### Data for the task
_ _ _ _ _ _ _

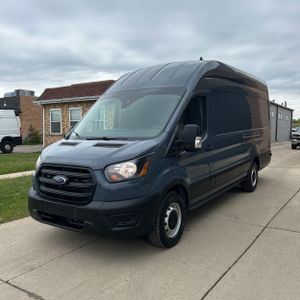 FORD TRANSIT 250 - 1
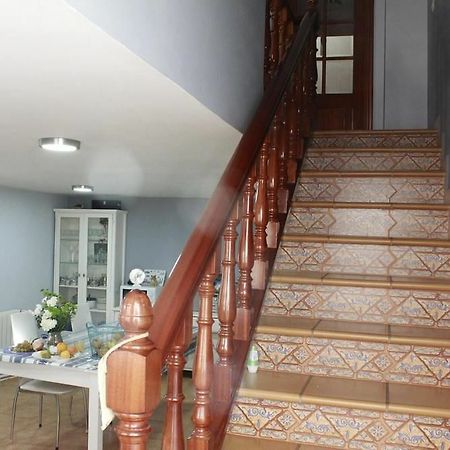 House With 2 Bedrooms In Bueu, With Enclosed Garden And Wifi - 60 M Fr 외부 사진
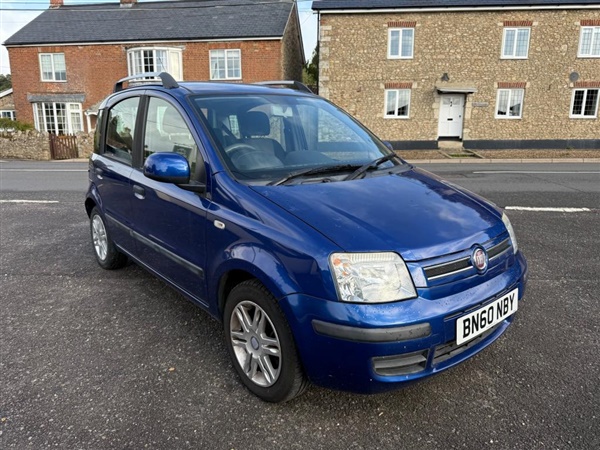 Large image for the Used Fiat Panda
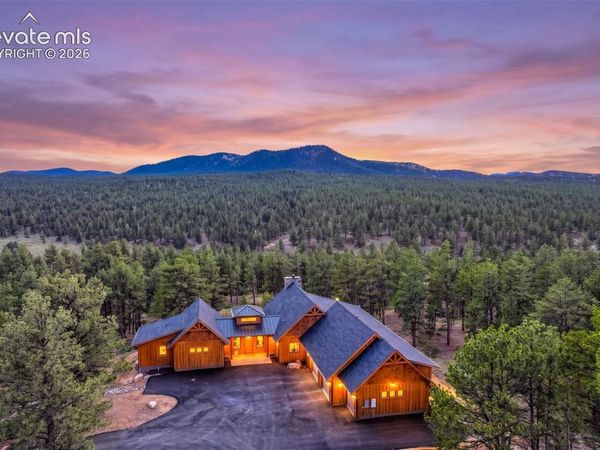 39858 Highway 24, Lake George, CO 80827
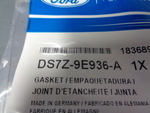 DS7Z9E936A - : Gasket for Ford: Escape, Fusion Image
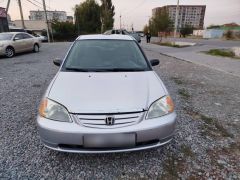 Сүрөт унаа Honda Civic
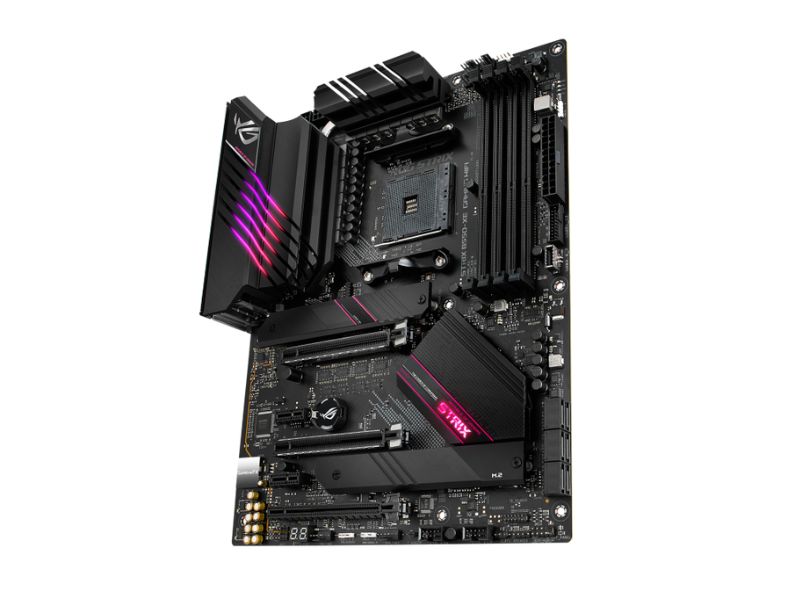 Mainboard ASUS ROG STRIX B550-XE GAMING WIFI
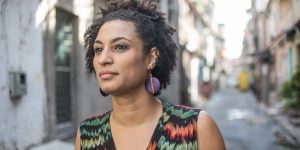 marielle franco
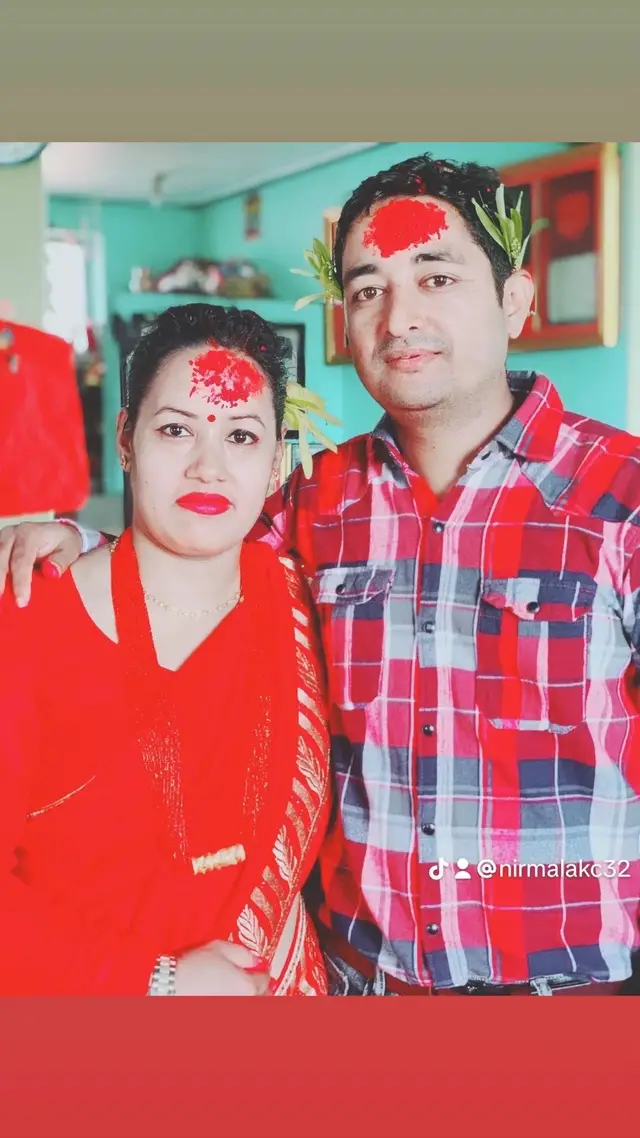 @Nirmala KC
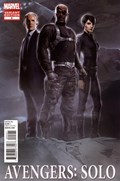 AVENGERS: SOLO #5-RI 
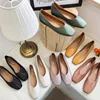 Spring Slip on Flat Shoes Women Loafers Candy Color Square Toe Flats Woman Boat Shoes zapatos mujer Oxford Shoes romeetse 7390 ► Photo 1/6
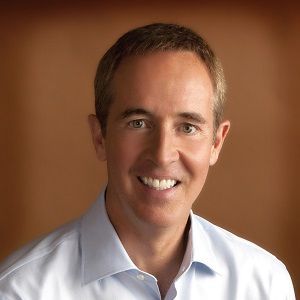 Andy Stanley Bio
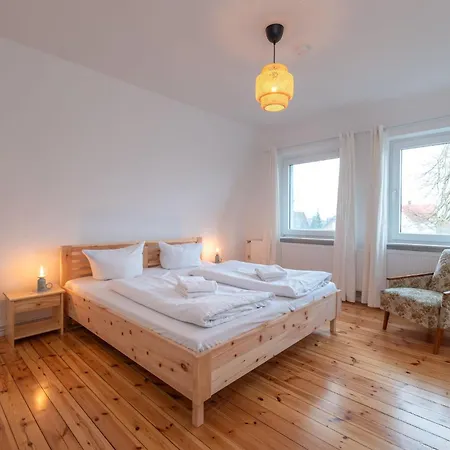 Dom wakacyjny Maria 6 Schlafzimmer & Sauna *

_ _ _ _ _ _ _

### Task statement
Keep the pictures out and write out the records exactly.

### Result for this task
 FORD TRANSIT 250 - 1
 House With 2 Bedrooms In Bueu, With Enclosed Garden And Wifi - 60 M Fr 외부 사진
 Large image for the Used Fiat Panda
 39858 Highway 24, Lake George, CO 80827
 DS7Z9E936A - : Gasket for Ford: Escape, Fusion Image
 Сүрөт унаа Honda Civic
 Mainboard ASUS ROG STRIX B550-XE GAMING WIFI
 marielle franco
 @Nirmala KC
 AVENGERS: SOLO #5-RI 
 Spring Slip on Flat Shoes Women Loafers Candy Color Square Toe Flats Woman Boat Shoes zapatos mujer Oxford Shoes romeetse 7390 ► Photo 1/6
 Andy Stanley Bio
 Dom wakacyjny Maria 6 Schlafzimmer & Sauna *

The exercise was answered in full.